Tionghoa, Dulu dan Sekarang (2-Habis)
Tionghoa Bersambut, Bagaimana Yin Ni Hua Ren?Selasa, 27 Januari 2009 – 00:40 WIB
Saya pernah menghadiri satu seminar yang diadakan INTI di Jakarta. Dalam forum itu, antara lain, disinggung soal bagaimana harus menyebut orang Tionghoa di Indonesia dalam bahasa Mandarin. Kalau panggilan nonpribumi sudah tidak relevan dan seperti kelihatan antidemokrasi, lantas kata apa yang bisa dipakai untuk menyebutnya dalam bahasa Mandarin?
Dalam bahasa Indonesia, semua sudah seperti sepakat bahwa sebutan Tionghoa adalah yang paling menyenangkan.
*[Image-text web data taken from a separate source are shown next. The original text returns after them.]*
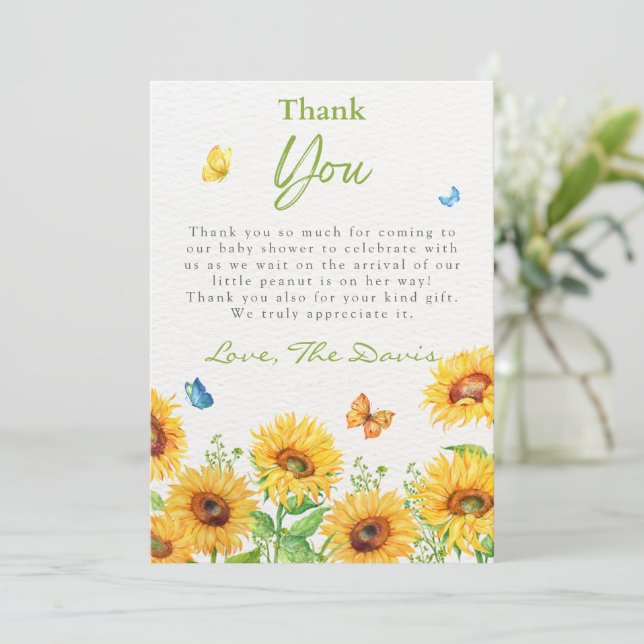 Sunflower Spring Floral Baby Shower Thank You (Standing Front)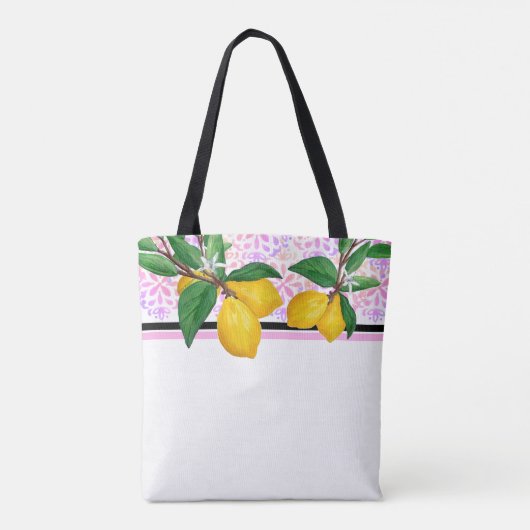 Lemon Leaf Watercolor Tote | Pink Amalfi Citrus Tote Bag (Achterkant)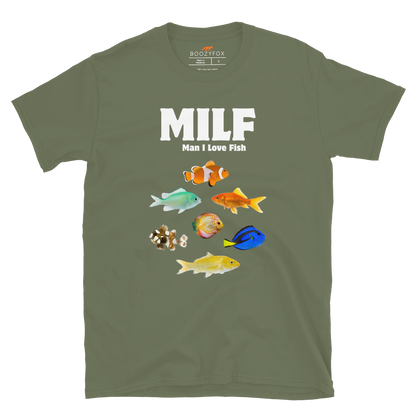 Man I Love Fish T-Shirt Online - Military Green - Boozy Fox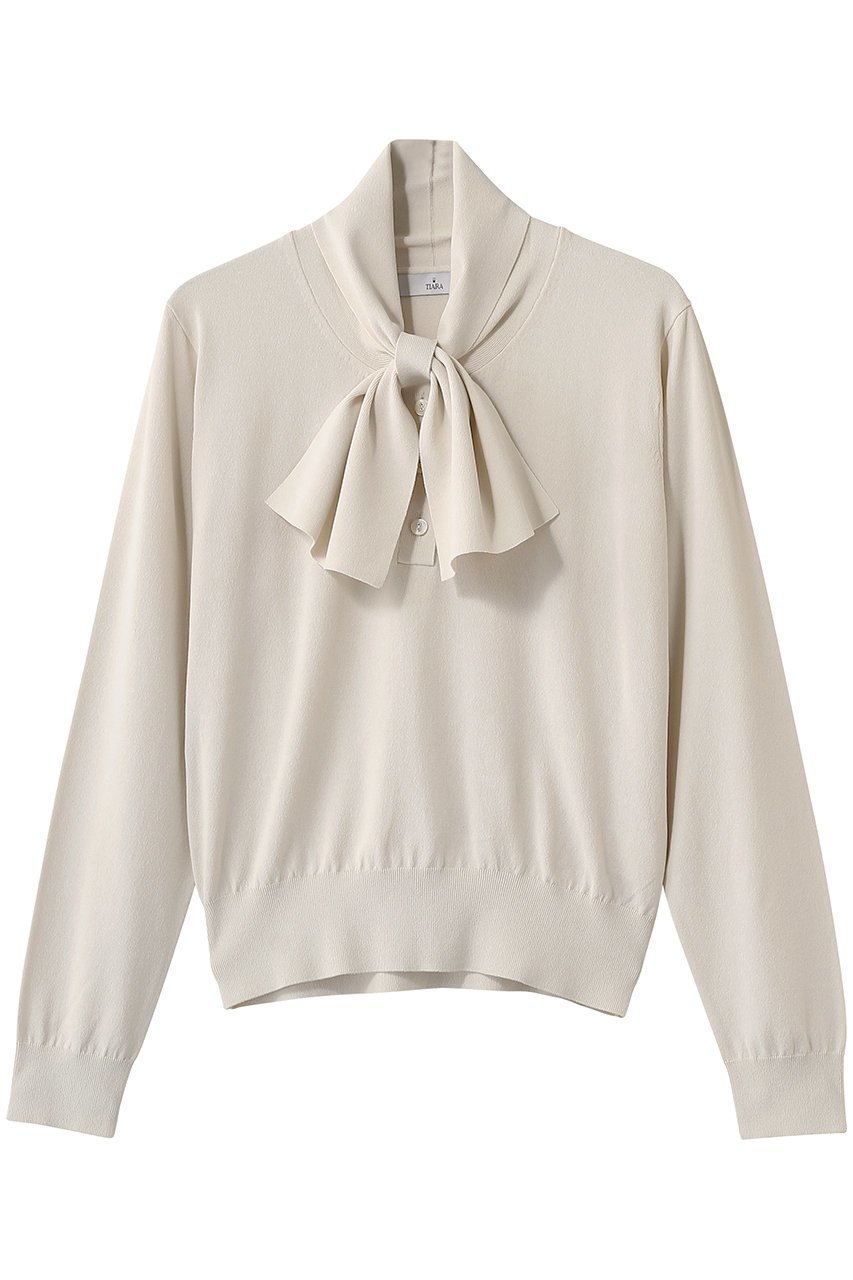 【ティアラ/Tiara】のリボンタイニット インテリア・キッズ・メンズ・レディースファッション・服の通販 founy(ファニー) ファッション Fashion レディースファッション Fashion for Women トップス・カットソー Cut & Sew Tops ニット Knit Tops & Sweaters カジュアルプルオーバー・ニットトップス Pullovers & Knit Tops / Casual Pullovers とろみ Fluid, Flowy Fabric シンプル Simple, Minimal ジャケット Jacket, Outerwear ループ Loop, Loop Knit エレガント 上品 Elegant 新作・新入荷 New Arrivals / New In ライトベージュ|ID: prp329100004872765 ipo3291000000036343921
Tionghoa sudah berarti ’’orang dari ras cina yang memilih tinggal dan menjadi warga negara Indonesia’’. Kata Tionghoa sudah sangat enak bagi suku cina tanpa terasa ada nada, persepsi, dan stigma mencina-cinakan. Kata Tionghoa sudah sangat pas untuk pengganti sebutan ’’nonpri’’ atau ’’cina’’.
Saya sebagai ’’juawa ren’’ (meski xian zai wo de xin shi hua ren de xin) semula agak sulit memberi penjelasan kepada pembaca mengapa menyebut ’’cina’’ tidak baik? Apa salahnya? Luar biasa banyaknya pertanyaan seperti itu. Terutama sejak Jawa Pos Group selalu menulis Tionghoa untuk mengganti kata nonpri atau cina.